Conducted by Daniel Barenboim, the West-Eastern Divan Orchestra performs Ludwig van Beethoven’s Symphony No. 4 in B-flat major, Op. 60. Recorded during the BBC Proms 2012.

https://www.youtube.com/watch?v=v7EDYUTvivo
Daniel Barenboim conducts the West-Eastern Divan Orchestra – Beethoven’s Symphony No.4 in B flat, Op.60 – BBC PROMS 2012

The West-Eastern Divan Orchestra is a youth orchestra based in Seville, Spain, consisting of musicians from countries in the Middle East, of Egyptian, Iranian, Israeli, Jordanian, Lebanese, Palestinian, Syrian, and Spanish backgrounds.

Ludwig van Beethoven’s Symphony No. 4

The fourth symphony is composed by Beethoven in the summer of 1806. It was premièred in March 1807 at a private concert of the home of Prince Franz Joseph von Lobkowitz (also spelled Lobkowicz, an aristocrat of Bohemia, from the House of Lobkowicz. He is known particularly for his interest in music and as a patron of Beethoven).

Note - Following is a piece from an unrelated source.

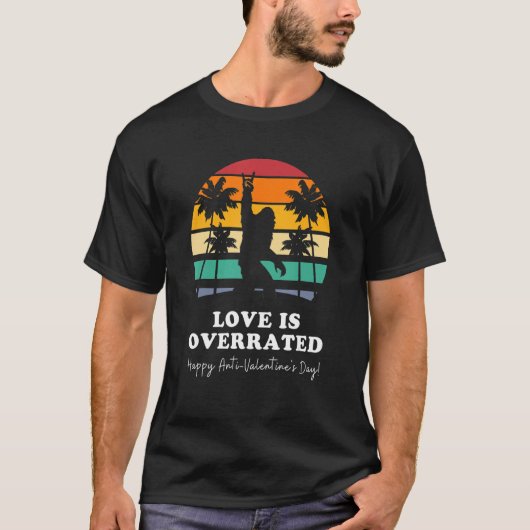 T-shirt Love is Overrated Sasquatch Sarcastic Anti Valenti (Devant)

In general, the symphony is sunny and cheerful, with light instrumentation in a manner that recalls the symphonies of Joseph Haydn, with whom Beethoven had studied a decade before. The Fourth Symphony contrasts with the swooping changes of Beethoven’s composition style in the previous Third Symphony and is often overshadowed by both its predecessor and following work, the celebrated Fifth Symphony which Beethoven had set aside to complete the Fourth. The work is in four movements:

  1. Adagio – Allegro vivace, 2/2. The first movement starts with a slow introduction which contains all the traces of the entire symphonic discourse, coming as a true synthesis of the symphony. The two themes are successively shown in the form of sonatas with great concision, the movement ending in a Coda which is nothing but a culmination and not a conclusion as we might have expected from his previous works.
  2. Adagio, 3/4 in E-flat major. The main of the second movement theme is of great musicality through the prime violins and it is followed by another theme with resonances from the previous symphony.
  3. Menuetto; Allegro vivace, 3/4. The third movement is full of life, structured on Beethoven’s scherzo principle, only much more improved. Thematic elements can be easily recognized from the introduction of the first part.
  4. Allegro ma non troppo, 2/4. The finale is in the form of a sonata with a Coda in large dimensions, it expresses the same vital force and joy of life.

The freshness and spontaneity of the themes of Beethoven’s fourth symphony, the lack of tragic motives, the perfection of the form triggered the enthusiasm of his contemporaries. German composer Robert Schumann was comparing it to “a supple Greek girl, standing in between two giants from the West”, while the German composer Felix Mendelssohn (3 February 1809 – 4 November 1847) chose it to be performed at his first concert at Gewandhaus in Leipzig.